Una motivazione a sostegno delle procedure di valutazione messe in piedi dall’Anvur, su sollecitazione del Miur (e questo è già un problema, perché l’Agenzia di valutazione dovrebbe essere terza rispetto al sistema universitario, ma anche al ministero), è la necessità di adeguare la “misurazione” della ricerca in Italia a standard europei; adeguamento che la renda più facilmente valutabile, riconoscibile cioè nella sua qualità, per l’accesso ai fondi europei (dove oggi siamo penalizzati: finanziamo le politiche di ricerca europee più di quanto riusciamo poi a riprenderci in termini di accesso ai finanziamenti). L’esigenza è fondata, ed è in linea con la riforma del 3+2 attuata per le lauree.

Ma…?

Ma come abbiamo già sperimentato con il 3+2 un’esigenza è una cosa, la sua soddisfazione un’altra: formalmente è aumentato il numero dei laureati in Italia, ma sostanzialmente non c’è in circolo una maggiore formazione superiore di qualità nel Paese, perché il 3+2 è stato applicato male, in modo incongruo e generalista. Un filosofo triennale non ha senso, una laurea infermieristica sì, per fare un esempio. Ma per tornare ai criteri di accesso ai finanziamenti europei della ricerca, questa è materia fondamentalmente che attiene alla ricerca scientifica non umanistica, per la quale c’è da sempre scarsissima attenzione nei fondi europei.
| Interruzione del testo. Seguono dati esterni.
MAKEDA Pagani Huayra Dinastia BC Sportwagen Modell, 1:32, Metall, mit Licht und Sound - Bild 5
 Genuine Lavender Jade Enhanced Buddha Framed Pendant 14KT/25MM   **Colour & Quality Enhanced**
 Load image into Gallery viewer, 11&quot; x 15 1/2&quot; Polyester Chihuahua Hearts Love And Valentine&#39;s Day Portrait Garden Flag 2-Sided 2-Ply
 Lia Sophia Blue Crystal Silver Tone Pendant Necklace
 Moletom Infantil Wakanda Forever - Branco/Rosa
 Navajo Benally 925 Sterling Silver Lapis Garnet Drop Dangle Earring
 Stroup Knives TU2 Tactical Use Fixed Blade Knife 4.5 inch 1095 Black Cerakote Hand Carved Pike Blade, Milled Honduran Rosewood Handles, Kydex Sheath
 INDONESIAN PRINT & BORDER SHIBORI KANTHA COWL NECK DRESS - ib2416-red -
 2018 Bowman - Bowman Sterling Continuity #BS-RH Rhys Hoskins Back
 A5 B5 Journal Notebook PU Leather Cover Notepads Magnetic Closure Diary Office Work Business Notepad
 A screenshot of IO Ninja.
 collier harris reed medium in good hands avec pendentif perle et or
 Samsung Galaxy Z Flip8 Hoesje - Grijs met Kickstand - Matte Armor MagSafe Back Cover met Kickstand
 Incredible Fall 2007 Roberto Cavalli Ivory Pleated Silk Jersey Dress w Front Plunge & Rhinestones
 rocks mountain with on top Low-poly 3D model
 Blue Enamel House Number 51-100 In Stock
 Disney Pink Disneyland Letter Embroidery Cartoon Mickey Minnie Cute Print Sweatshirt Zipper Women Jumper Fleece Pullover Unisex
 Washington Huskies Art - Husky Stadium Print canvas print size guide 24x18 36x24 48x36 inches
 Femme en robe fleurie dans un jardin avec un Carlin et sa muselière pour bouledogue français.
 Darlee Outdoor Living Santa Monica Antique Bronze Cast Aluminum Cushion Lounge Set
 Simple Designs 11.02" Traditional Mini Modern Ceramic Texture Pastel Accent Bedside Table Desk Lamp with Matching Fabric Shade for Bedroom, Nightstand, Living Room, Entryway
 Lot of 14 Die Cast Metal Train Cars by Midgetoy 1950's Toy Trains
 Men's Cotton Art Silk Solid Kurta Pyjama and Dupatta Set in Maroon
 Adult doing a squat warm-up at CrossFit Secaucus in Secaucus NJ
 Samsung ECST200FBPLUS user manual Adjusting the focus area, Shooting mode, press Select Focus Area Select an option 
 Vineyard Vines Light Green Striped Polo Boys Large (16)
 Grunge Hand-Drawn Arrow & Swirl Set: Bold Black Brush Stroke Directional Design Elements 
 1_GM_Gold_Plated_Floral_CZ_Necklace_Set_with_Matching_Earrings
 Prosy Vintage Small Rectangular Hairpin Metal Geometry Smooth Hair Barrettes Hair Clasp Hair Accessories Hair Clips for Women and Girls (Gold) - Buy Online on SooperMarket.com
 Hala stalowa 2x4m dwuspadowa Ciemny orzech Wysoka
Non c’è quindi neanche una motivazione prammatica a stressare i criteri per la valutazione della ricerca umanistica sugli standard europei utili per le scienze dure e applicate. Sarebbe più saggio finanziare la ricerca umanistica, che per altro ha anche pronunciati caratteri culturali “locali”, di identità culturale nazionale, su fondi nazionali più cospicui, anziché orientare tutto un sistema su criteri impropri per attingere, in teoria, a scampoli di fondi europei. Oltre che “spingere” in direzione umanistica non surrettizia (la solita “formazione”, l’incremento di “capitale sociale”,etc.) i bandi europei a livello politico.

Lei cosa propone?

Trasformiamo i criteri di accesso all’abilitazione in criteri d’indirizzo per l’autonoma valutazione delle commissioni e prendiamoci tempo per riflettere, con urgente umiltà da parte di tutti, su un sistema di valutazione adeguato alle specificità disciplinari. Spero che l’attesa sentenza sul ricorso di Onida possa spingere in questa direzione.